Pensée juste et profondeur du Dhamma

Je vais poursuivre aujourd’hui l’explication de la stance du Buddha: dhammapīti sukhaṃ seti vippasannena cetasā. ariyappavedite dhamme sadā ramati paṇḍito. Pour parvenir à vivre heureux avec un esprit serein, il faut déployer un effort résolu (āraddhavīriya). Chaque objet sans exception est important et il faut le noter de façon rapprochée car, si la note est rapprochée, une forme de compréhension va apparaître et nous serons satisfaits de notre pratique.

Je dois à nouveau répéter combien l’objet primaire est important. Si nous le notons clairement, tous les autres objets deviendront clairs, même les plus ténus. Nous ferons l’expérience de la claire compréhension (c’est-à-dire voir clairement, à fond et par soi-même). Sans un effort ardent, sati ne peut être fort. Vīriya soutient sati et permet sa continuité. Sans une attention forte, il n’y a pas de concentration. Les trois facteurs sont liés. Il faut développer une attention pour tout: se lever, bouger la main, se pencher, plier et étendre les membres, etc. Lorsque les trois facteurs sont présents, la vue juste (sammādiṭṭhi) et la pensée juste (sammā sankappa) peuvent émerger. Sayadaw U Paṇḍita traduit sammā sankappa par visée correcte, le fait de viser correctement l’objet.

Au début, on ne voit dans le soulèvement de l’abdomen qu’un mouvement d’une seule traite, mais par après, on distingue d’innombrables segments ou changements dans ce mouvement, comme des stades ou des couches successives. Un type de compréhension vient spontanément sans qu’on n’y pense. Comme on a souvent entendu parler de anicca, dukkha et anatta, cette compréhension nous revient. Si, alors que vous pratiquez la méditation assise, des pensées non sages, négatives et non apprivoisées apparaissent, liées aux plaisirs sensuels, les pensées positives ou justes ne pourront apparaître. À l’inverse, si vous notez correctement l’objet, saddhā, la confiance, va apparaître en vous. Celui qui prend confiance dans le Dhamma, commence à croire à son détenteur, le Buddha. Yo dhammaṃ passati, so maṃ passati (celui qui voit le Dhamma me voit). On commence aussi à croire au Sangha. On croit que s’ils sont devenus des êtres nobles, ils le doivent à leur pratique. Le Buddha encourage à pratiquer par soi-même (ehipassika) et à ne pas croire aveuglément.

Lorsque l’on observe l’abdomen de façon rapprochée, un type de ressenti va apparaître en nous: douleur, engoourdissement, raideur, etc. Il faut alors changer d’objet d’attention. La douleur vient inopinément et il faut la noter en visant l’objet, un peu comme aux fléchettes, c’est sammā sankappa.
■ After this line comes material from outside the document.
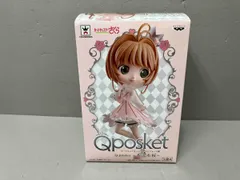 【開封済み】バンプレスト 木之本桜 B(服:ピンク) カｰドキャプタｰさくら クリアカｰド編 Q posket 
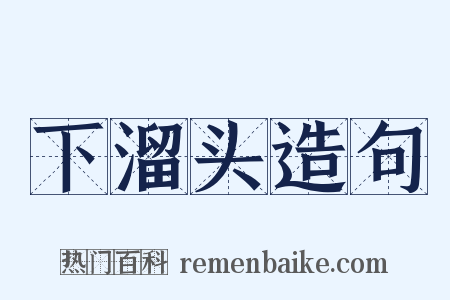 下溜头造句是什么意思的图片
À la marche, on vise le pied, dès l’instant où il se détache du sol jusqu’à ce qu’il soit à nouveau posé.

La stance récitée au début est très utile. C’est aussi une belle opportunité d’entendre directement les paroles du Buddha. Si vous avez le temps, vous devriez l’apprendre par cœur. Ainsi, un bon ressenti vous reviendra en vous remémorant le sentiment de joie et de paix expérimenté durant cette retraite. L’étude des textes, c’est pariyatti, la théorie. À elle seule, elle offre une compréhension superficielle mais, jointe à la pratique, elle permet une compréhension du Dhamma en profondeur (gambhīra). Au plus on pratique, au mieux on comprend le Dhamma. L’observation du seul abdomen permet déjà cette compréhension profonde. En l’observant, on peut comprendre les quatre éléments, les cinq khandhā, et tous les types de dhammā, comme on peut les comprendre dans n’importe quel objet observé.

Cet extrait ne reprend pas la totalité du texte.